* How to complete this task *
Reproduce the full listing as it stands. Images do not belong in the copy.

* Given records *
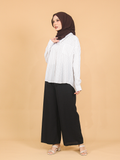 MINI CHECKERED SHIRT CT215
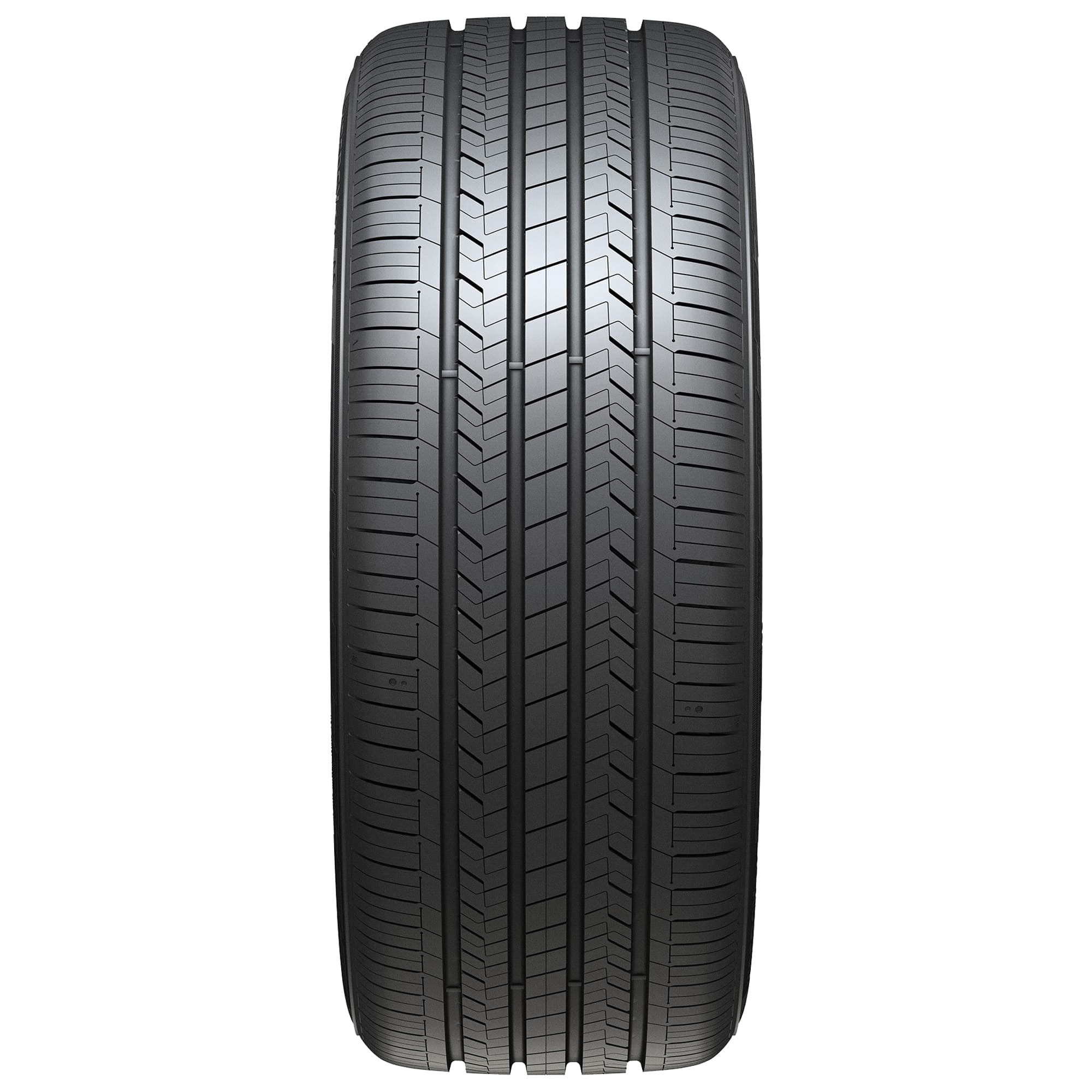 Hankook Kinergy ST (H735) All Season 185/65R15 88T Passenger Tire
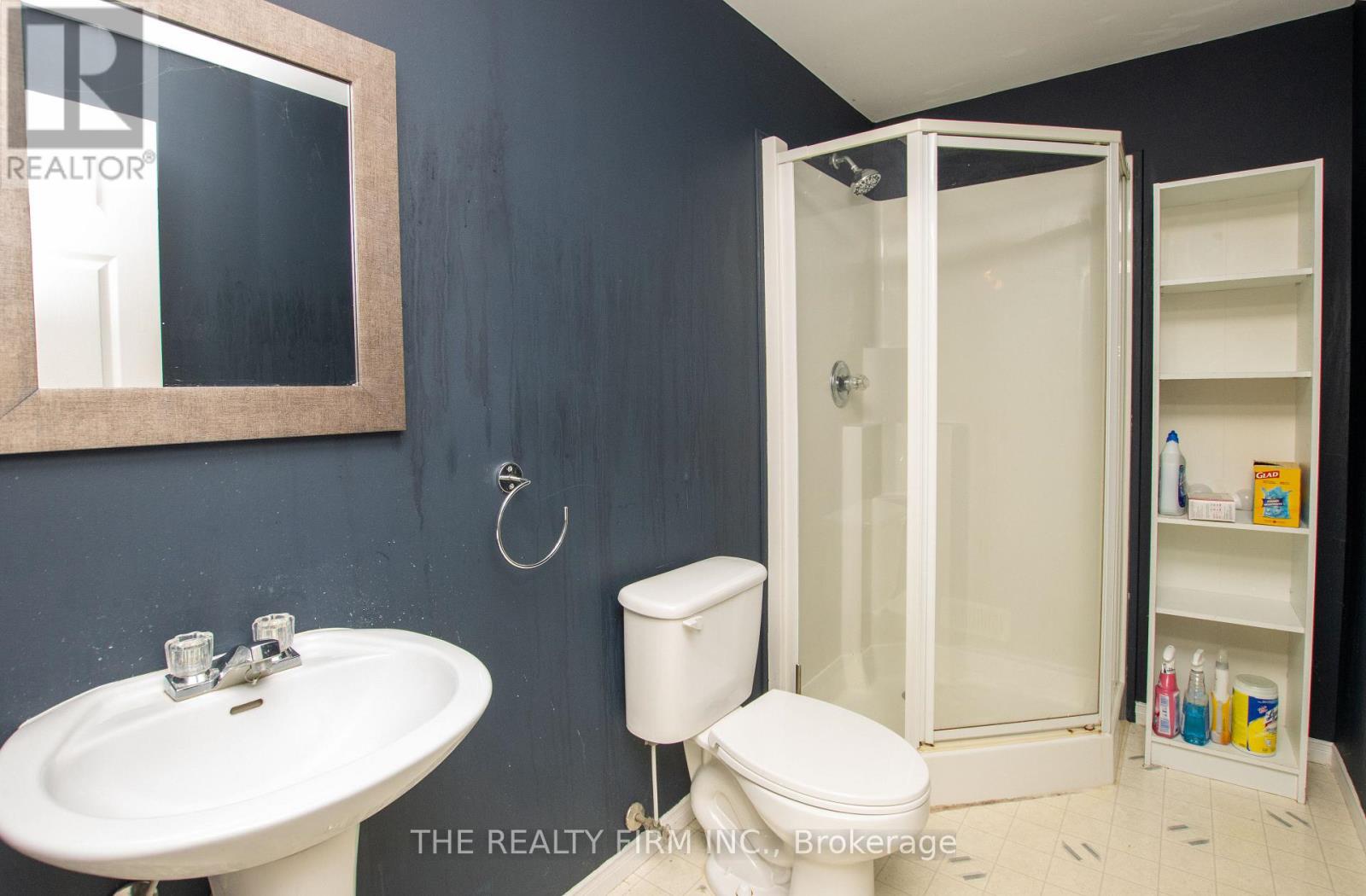 382 Lighthouse Road, London South, Ontario  N6M 1J1 - Photo 37 - X13753060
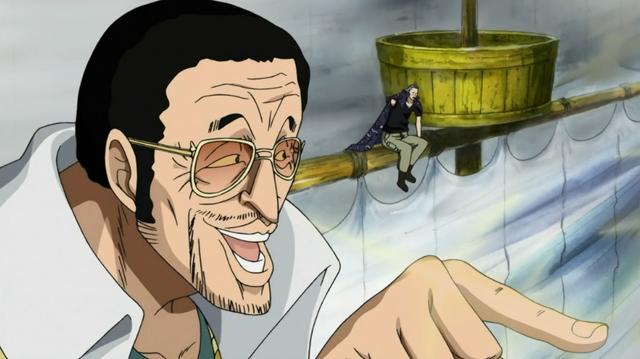 海贼王恶魔果实猜想,海贼王所有恶魔果实分析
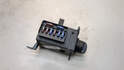 Переключатель света Mercedes A W168 1997-2004 - 21251909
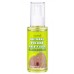 Сыворотка-фиксатор для волос Eyenlip Sumhair Natural Volume Hair Fixer Green Grape фото-2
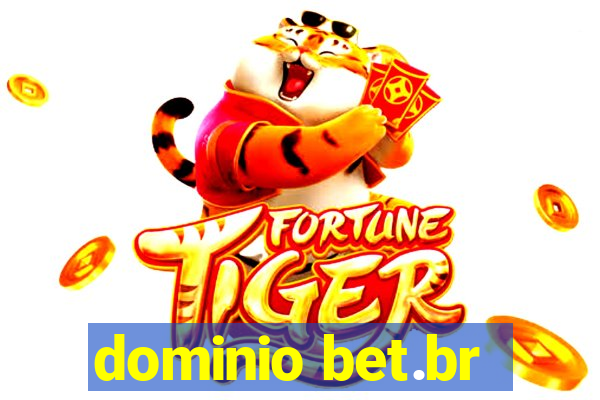 dominio bet.br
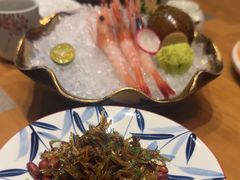 -鮨桐日本料理(望京店)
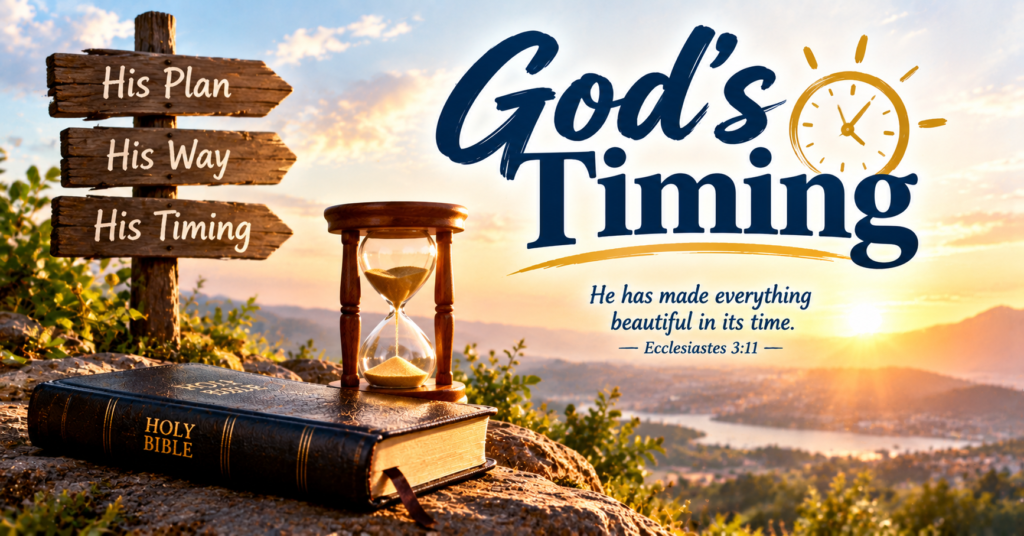 https://trueblessinghub.com/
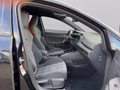 Daumennagel 21 - Volkswagen Golf VIII GTI DSG LED+Navi+ACC+Kamera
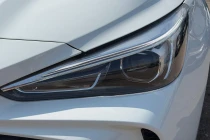Vehicle Thumbnail 13
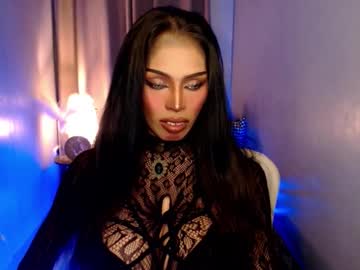 Mikeyalawi03 January 19, 2026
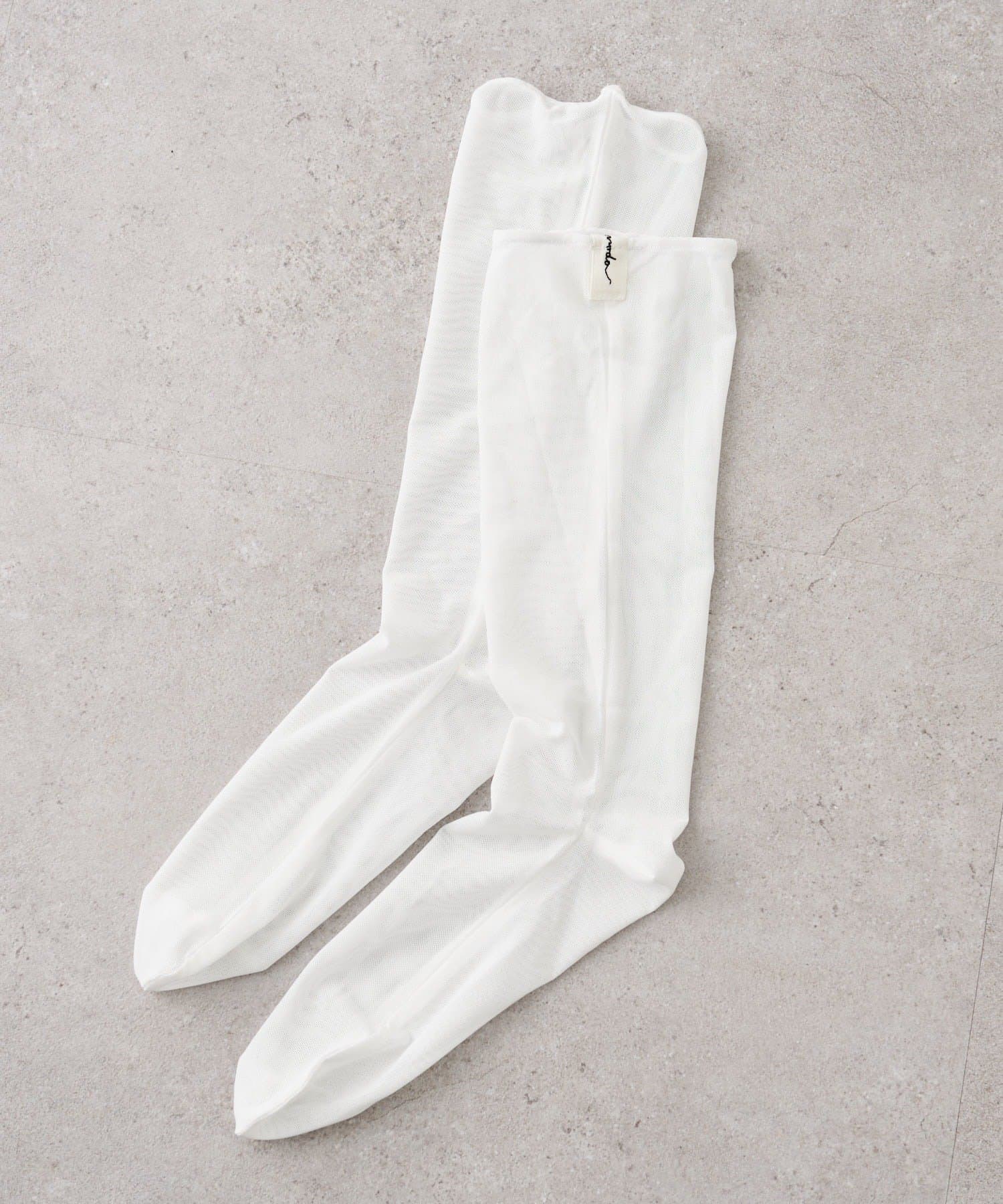 mystic(ミスティック) アソートソックス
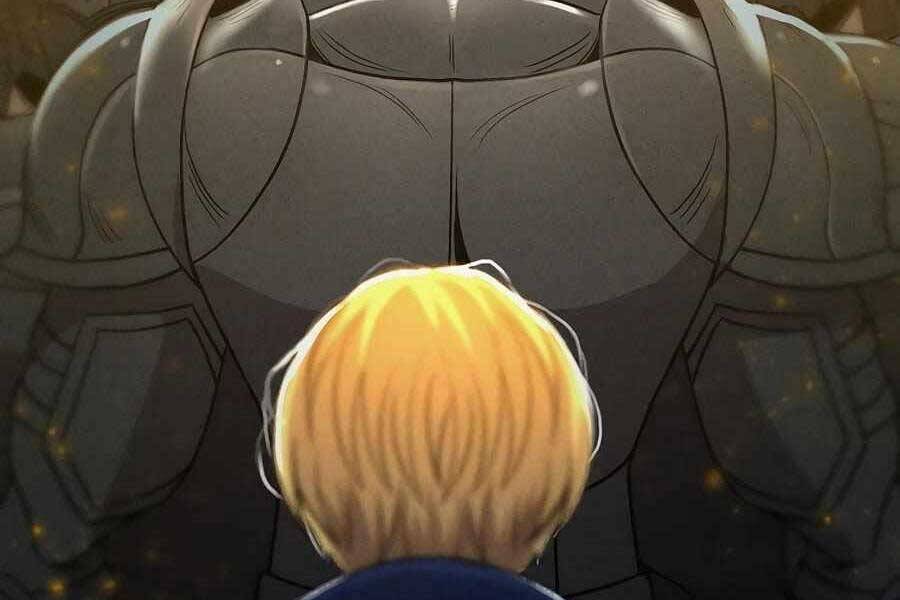 Tên Lỗ Mãng Cấp 10 Của Gia Đình Hiệp Sĩ Chapter 3 - 95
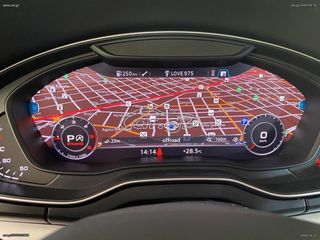 Audi Q5 2018 TDI 190HP QUATTRO S-TRONIC/ΔΕΡΜΑ/VIRTUAL/ΝΑVI/XENON/EΛΛΗΝΙΚΟ-thumb-42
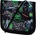 Cool Pack Портмоне за врат Cool Pack - Kids From The Block (F134823)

* Reply to the task *
 MINI CHECKERED SHIRT CT215
 Hankook Kinergy ST (H735) All Season 185/65R15 88T Passenger Tire
 382 Lighthouse Road, London South, Ontario  N6M 1J1 - Photo 37 - X13753060
 海贼王恶魔果实猜想,海贼王所有恶魔果实分析
 Переключатель света Mercedes A W168 1997-2004 - 21251909
 Сыворотка-фиксатор для волос Eyenlip Sumhair Natural Volume Hair Fixer Green Grape фото-2
 dominio bet.br
 -鮨桐日本料理(望京店)
 https://trueblessinghub.com/
 Daumennagel 21 - Volkswagen Golf VIII GTI DSG LED+Navi+ACC+Kamera
Vehicle Thumbnail 13
 Mikeyalawi03 January 19, 2026
 mystic(ミスティック) アソートソックス
 Tên Lỗ Mãng Cấp 10 Của Gia Đình Hiệp Sĩ Chapter 3 - 95
 Audi Q5 2018 TDI 190HP QUATTRO S-TRONIC/ΔΕΡΜΑ/VIRTUAL/ΝΑVI/XENON/EΛΛΗΝΙΚΟ-thumb-42
 Cool Pack Портмоне за врат Cool Pack - Kids From The Block (F134823)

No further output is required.